The non bicentennials around the table exchange glances. They were not aware of such a plan?

"SubCommander Ch'Ren." The old woman holds the daughter of a slave with a fixed gaze. "You will of course be accompanying him." Ch'Ren has no time to stammer a reply before the Senator continues, moving her gaze to the Proconsul. "You will go as well. To represent the Senate." She fans the sheets out. "Your real diplomatic mission shall be to hand over all the information we have on the Syndicate: base locations, ship counts, informants, Orion merchant front organizations… Everything."

Ael looks down at the table as she packs away sheets of data, checking their printing numbers against her index. Would the Senate even authorize such a thing? Even a person as influential as Senator Velal cannot act unilaterally.

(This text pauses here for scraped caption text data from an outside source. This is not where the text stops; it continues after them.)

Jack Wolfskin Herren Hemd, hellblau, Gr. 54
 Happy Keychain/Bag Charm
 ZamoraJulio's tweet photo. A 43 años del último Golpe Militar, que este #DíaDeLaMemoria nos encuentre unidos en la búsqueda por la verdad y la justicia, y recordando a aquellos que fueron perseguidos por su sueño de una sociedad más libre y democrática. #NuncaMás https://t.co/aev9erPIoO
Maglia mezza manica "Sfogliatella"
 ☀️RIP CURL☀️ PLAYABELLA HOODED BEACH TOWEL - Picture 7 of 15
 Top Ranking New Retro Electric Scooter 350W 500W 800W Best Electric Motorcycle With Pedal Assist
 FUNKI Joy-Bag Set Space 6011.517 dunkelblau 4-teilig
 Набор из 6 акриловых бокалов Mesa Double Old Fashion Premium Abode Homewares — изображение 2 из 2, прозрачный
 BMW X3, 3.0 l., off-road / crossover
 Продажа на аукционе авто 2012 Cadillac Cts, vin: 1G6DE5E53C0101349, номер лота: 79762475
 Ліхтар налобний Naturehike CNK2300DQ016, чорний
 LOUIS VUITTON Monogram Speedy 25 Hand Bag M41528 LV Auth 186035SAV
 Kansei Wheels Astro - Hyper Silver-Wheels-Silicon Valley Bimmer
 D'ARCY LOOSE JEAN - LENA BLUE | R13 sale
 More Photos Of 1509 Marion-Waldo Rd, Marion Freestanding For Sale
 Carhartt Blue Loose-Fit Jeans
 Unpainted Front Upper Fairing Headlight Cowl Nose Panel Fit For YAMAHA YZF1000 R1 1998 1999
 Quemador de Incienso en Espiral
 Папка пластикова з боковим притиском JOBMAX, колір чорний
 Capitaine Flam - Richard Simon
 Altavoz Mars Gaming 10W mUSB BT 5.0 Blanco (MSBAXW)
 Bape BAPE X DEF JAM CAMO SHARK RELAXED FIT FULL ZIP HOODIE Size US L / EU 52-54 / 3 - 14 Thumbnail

"The Senate will authorize this. They will listen to me," Velal says, as if she had read the Tal Shiar officer's mind. "We need the Humans as favourably inclined as we can make them in preparation for the war. We must insure that they do not enter it against us." The Senator tosses a sheet with slave population statistics across the table with surprising energy. "If we must sacrifice assets that we would likely lose anyway to do so it is worth it."

"Make yourselves ready for the journey. Tonight I will inform the proper people and tomorrow the Senate will pass this resolution."

Aelia carefully makes a final count of her sheets and closes her document case with a hard click. The old Senator must be convinced that this plan will strengthen Romulus's position. The amount of influence and favours she is talking about spending would ruinous to anyone of less august stature.

As SubCommander Ch'Ren follows her superior out the door she considers how… fascinating it will be to finally see Federation citizens in person as opposed to studying them from afar.